_Required work_
Everything from the line with "this 350×262 image." to the end of the data below, both lines included, should be transcribed exactly; please omit the pictures.

_Supplied records_
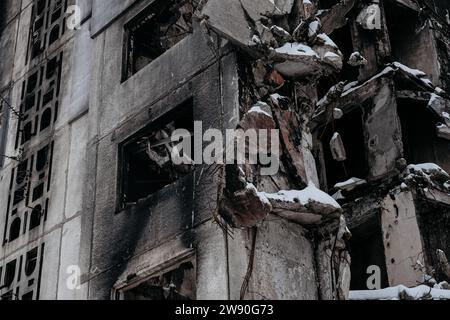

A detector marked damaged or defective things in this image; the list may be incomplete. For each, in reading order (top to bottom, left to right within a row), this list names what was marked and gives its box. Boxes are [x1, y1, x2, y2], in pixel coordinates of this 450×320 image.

charred window frame [121, 0, 193, 81]
charred window frame [118, 99, 193, 211]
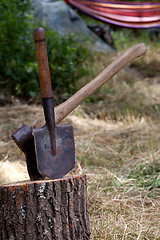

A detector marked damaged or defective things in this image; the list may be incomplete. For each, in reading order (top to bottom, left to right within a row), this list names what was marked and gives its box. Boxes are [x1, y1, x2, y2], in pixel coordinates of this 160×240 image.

rusty axe blade [32, 27, 76, 179]
rusty axe blade [10, 41, 146, 180]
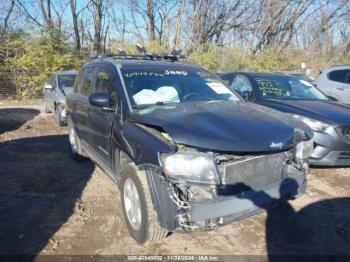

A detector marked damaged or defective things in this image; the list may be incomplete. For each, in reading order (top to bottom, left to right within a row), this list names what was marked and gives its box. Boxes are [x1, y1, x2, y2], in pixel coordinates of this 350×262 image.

damaged jeep compass [66, 53, 314, 244]
broken headlight [161, 152, 220, 185]
front hood damage [129, 101, 312, 154]
broken headlight [294, 138, 314, 161]
crumpled front bumper [189, 171, 306, 224]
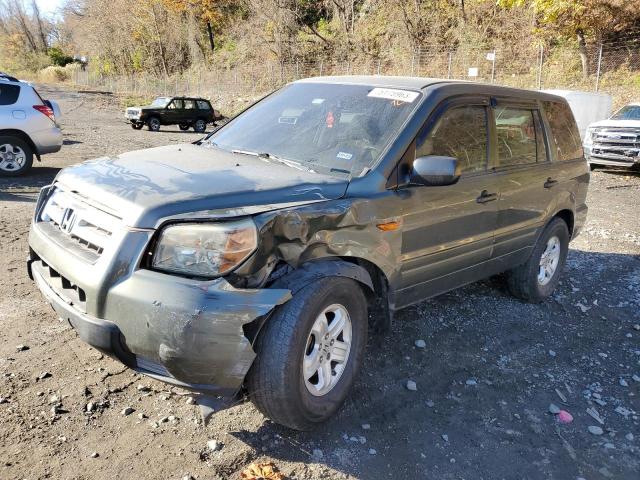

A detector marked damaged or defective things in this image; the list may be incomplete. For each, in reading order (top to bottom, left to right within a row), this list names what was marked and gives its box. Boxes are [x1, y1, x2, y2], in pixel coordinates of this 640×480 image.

broken bumper [27, 248, 292, 398]
damaged honda pilot [30, 76, 592, 432]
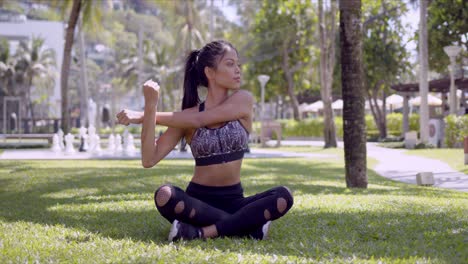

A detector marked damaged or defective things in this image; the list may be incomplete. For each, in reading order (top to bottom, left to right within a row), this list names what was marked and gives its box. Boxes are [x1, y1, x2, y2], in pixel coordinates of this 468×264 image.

ripped leggings [154, 183, 292, 238]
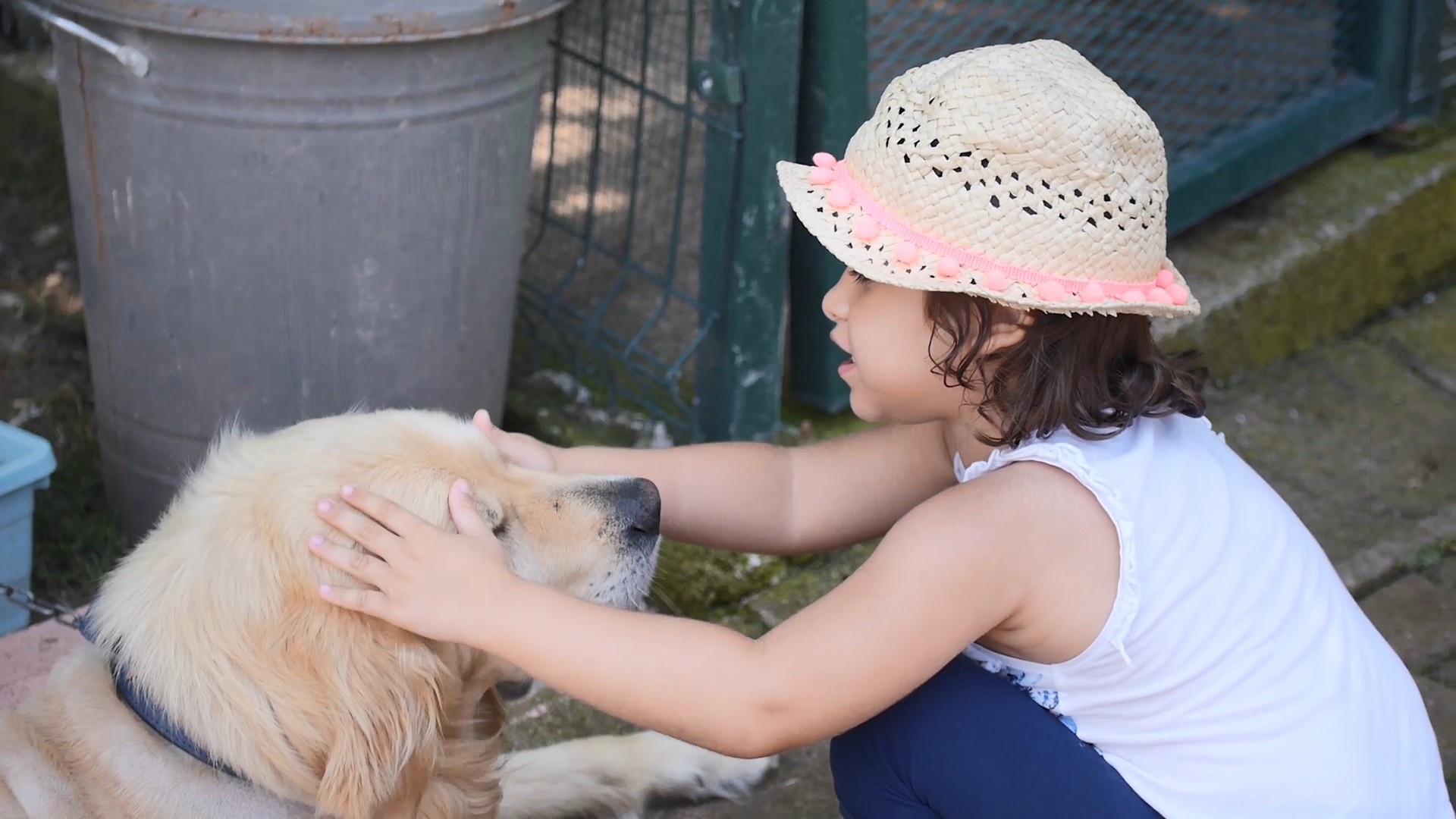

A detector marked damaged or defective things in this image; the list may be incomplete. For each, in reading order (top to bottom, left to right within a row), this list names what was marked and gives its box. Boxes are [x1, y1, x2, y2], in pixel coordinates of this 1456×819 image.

rusty metal surface [35, 0, 567, 42]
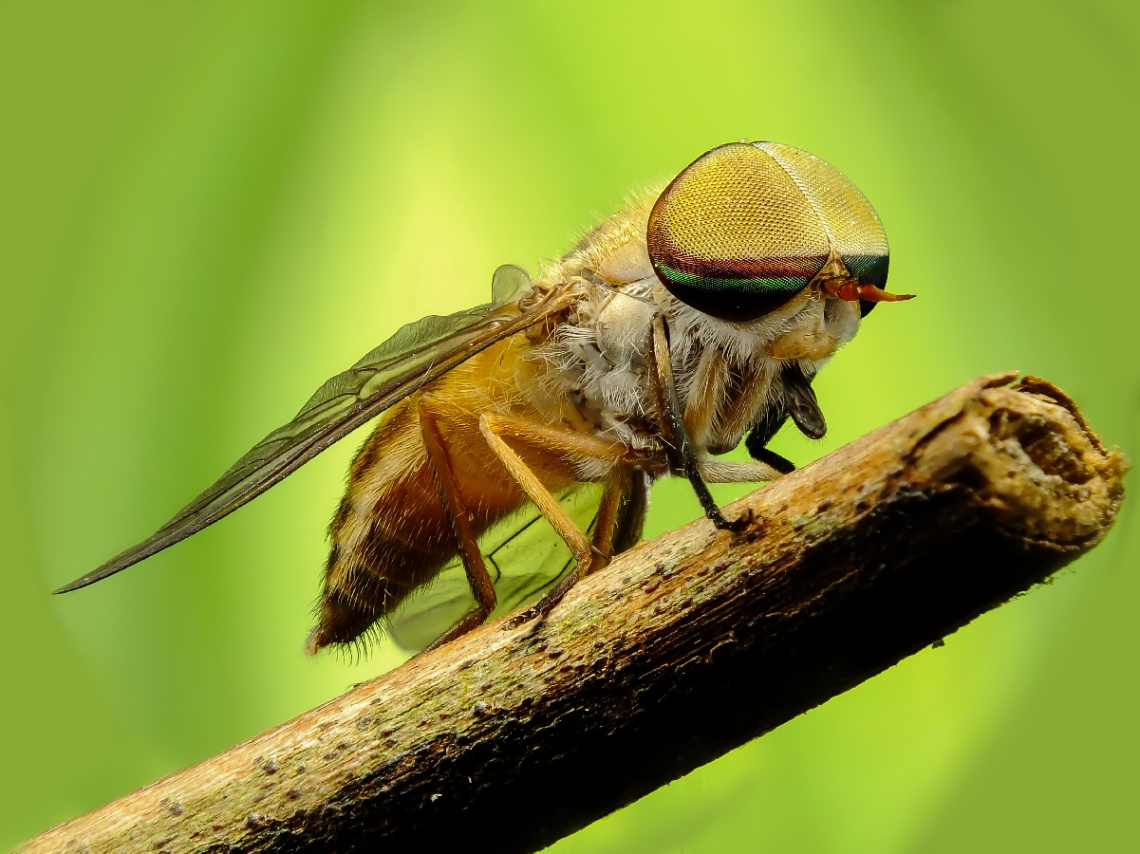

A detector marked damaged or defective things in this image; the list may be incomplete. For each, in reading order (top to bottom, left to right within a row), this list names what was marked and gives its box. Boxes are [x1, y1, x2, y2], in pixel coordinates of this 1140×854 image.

splintered wood [22, 376, 1126, 852]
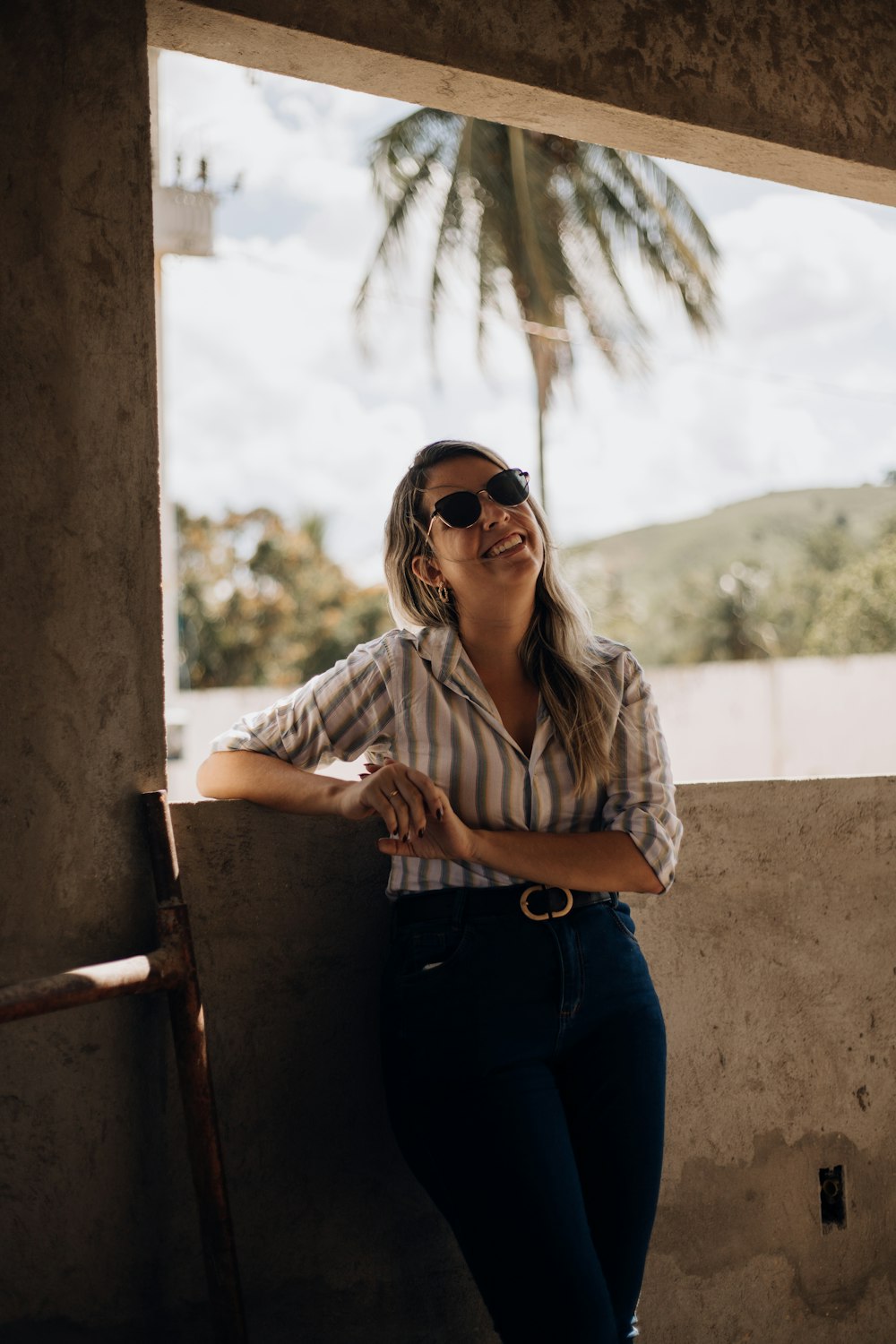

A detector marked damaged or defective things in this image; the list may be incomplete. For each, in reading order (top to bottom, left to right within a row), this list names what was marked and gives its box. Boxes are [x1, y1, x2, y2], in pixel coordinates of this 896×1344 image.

_Result_
A detector marked damaged or defective things in this image; the list may be incomplete. For each, in reading order (top to bottom, left to right within a row), this list names what was marked and gives its box. Boxes are [x1, y1, x2, y2], in pixel coordinates of this 350×262 image.

damaged jeep compass [66, 53, 314, 244]
broken headlight [161, 152, 220, 185]
front hood damage [129, 101, 312, 154]
broken headlight [294, 138, 314, 161]
crumpled front bumper [189, 171, 306, 224]

A detector marked damaged or defective things in this image; the list may be incomplete. For each, in reading order (top to bottom, left to right within a row), this list names what was marked and gives its box. Boxes are [x1, y1, x2, y2], in pixel coordinates of this 640×480 image.

broken bumper [27, 248, 292, 398]
damaged honda pilot [30, 76, 592, 432]

A detector marked damaged or defective things in this image; the list may be incomplete. For each, in reading order (top to bottom, left to right within a row), this list names what was marked and gives its box. Boxes are [x1, y1, x2, y2], in pixel coordinates of this 468×264 image.

ripped leggings [154, 183, 292, 238]

A detector marked damaged or defective things in this image; the list may be incomplete. For each, in reading order (top to bottom, left to right within a row), this list names what was marked and gives its box. Boxes are [x1, y1, x2, y2], in pixel coordinates of this 1456×819 image.

rusty metal surface [35, 0, 567, 42]

A detector marked damaged or defective things in this image; the list may be incomplete. For each, in reading order (top to bottom, left to right within a row), this list names what was marked and gives its box. Boxes are [x1, y1, x2, y2], in pixel coordinates of this 1140×854 image.

splintered wood [22, 376, 1126, 852]

A detector marked damaged or defective things in this image; the list may be incomplete. For each, in reading order (top to bottom, left to right within a row), this list names what was marked and gives its box. Boxes are [x1, y1, x2, y2], in pixel coordinates of this 896×1344 image.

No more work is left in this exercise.